### Record extracts:
──────────

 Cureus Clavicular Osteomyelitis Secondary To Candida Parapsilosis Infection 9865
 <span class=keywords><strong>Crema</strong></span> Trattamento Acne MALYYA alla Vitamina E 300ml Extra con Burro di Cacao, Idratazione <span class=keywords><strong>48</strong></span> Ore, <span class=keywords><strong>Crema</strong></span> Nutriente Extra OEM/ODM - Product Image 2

──────────

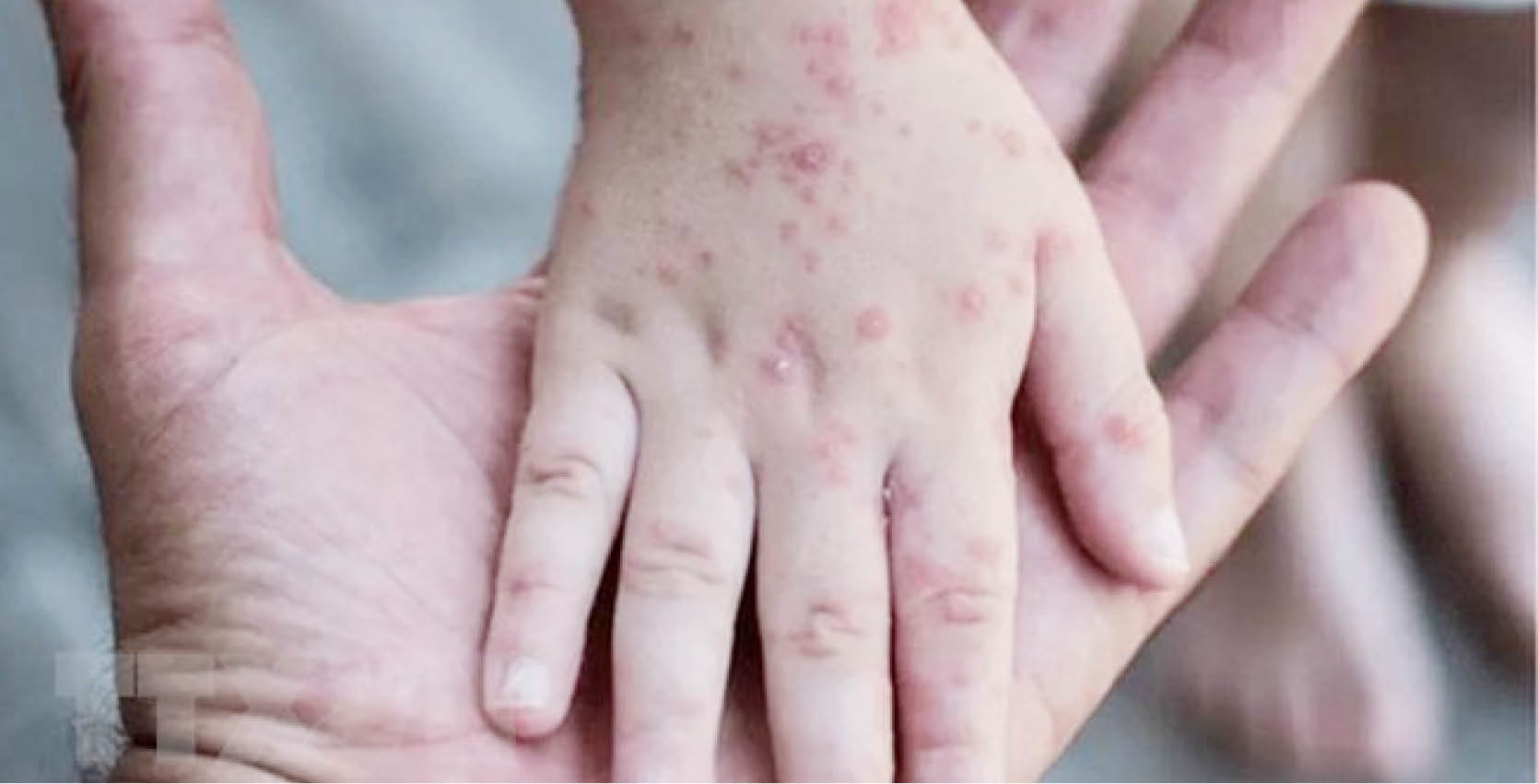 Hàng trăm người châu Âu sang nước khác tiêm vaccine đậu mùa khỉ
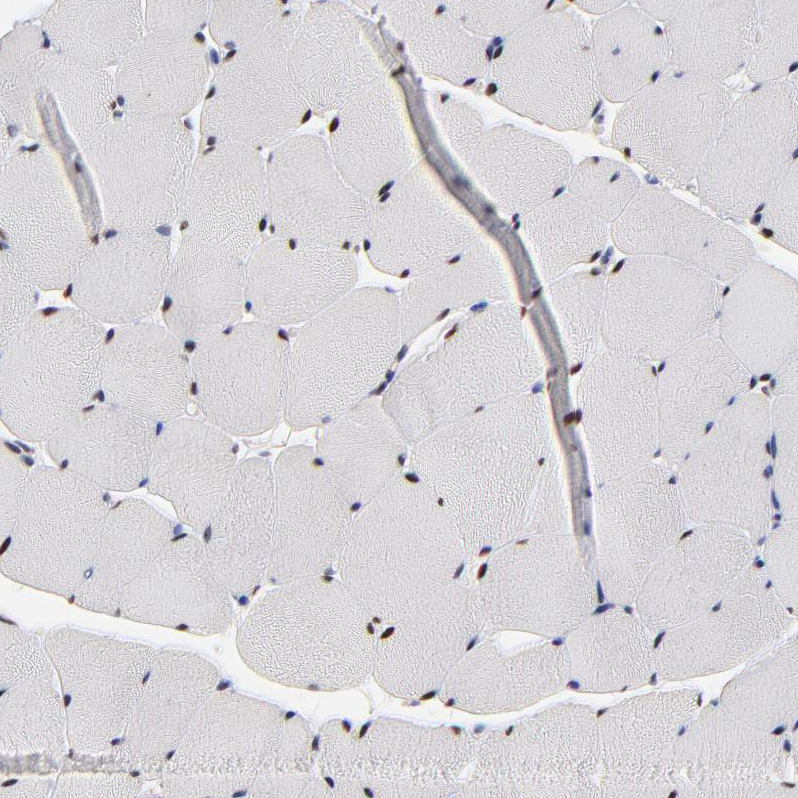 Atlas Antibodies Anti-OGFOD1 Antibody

──────────

### What you will do:
Print again the lines of the entries above that fall between the line holding "Cureus Clavicular Osteomyelitis" and the line holding "<span class=keywords><strong>Crema</strong></span> Trattamento", inclusive, exactly as they stand.

### Exercise result:
 Cureus Clavicular Osteomyelitis Secondary To Candida Parapsilosis Infection 9865
 <span class=keywords><strong>Crema</strong></span> Trattamento Acne MALYYA alla Vitamina E 300ml Extra con Burro di Cacao, Idratazione <span class=keywords><strong>48</strong></span> Ore, <span class=keywords><strong>Crema</strong></span> Nutriente Extra OEM/ODM - Product Image 2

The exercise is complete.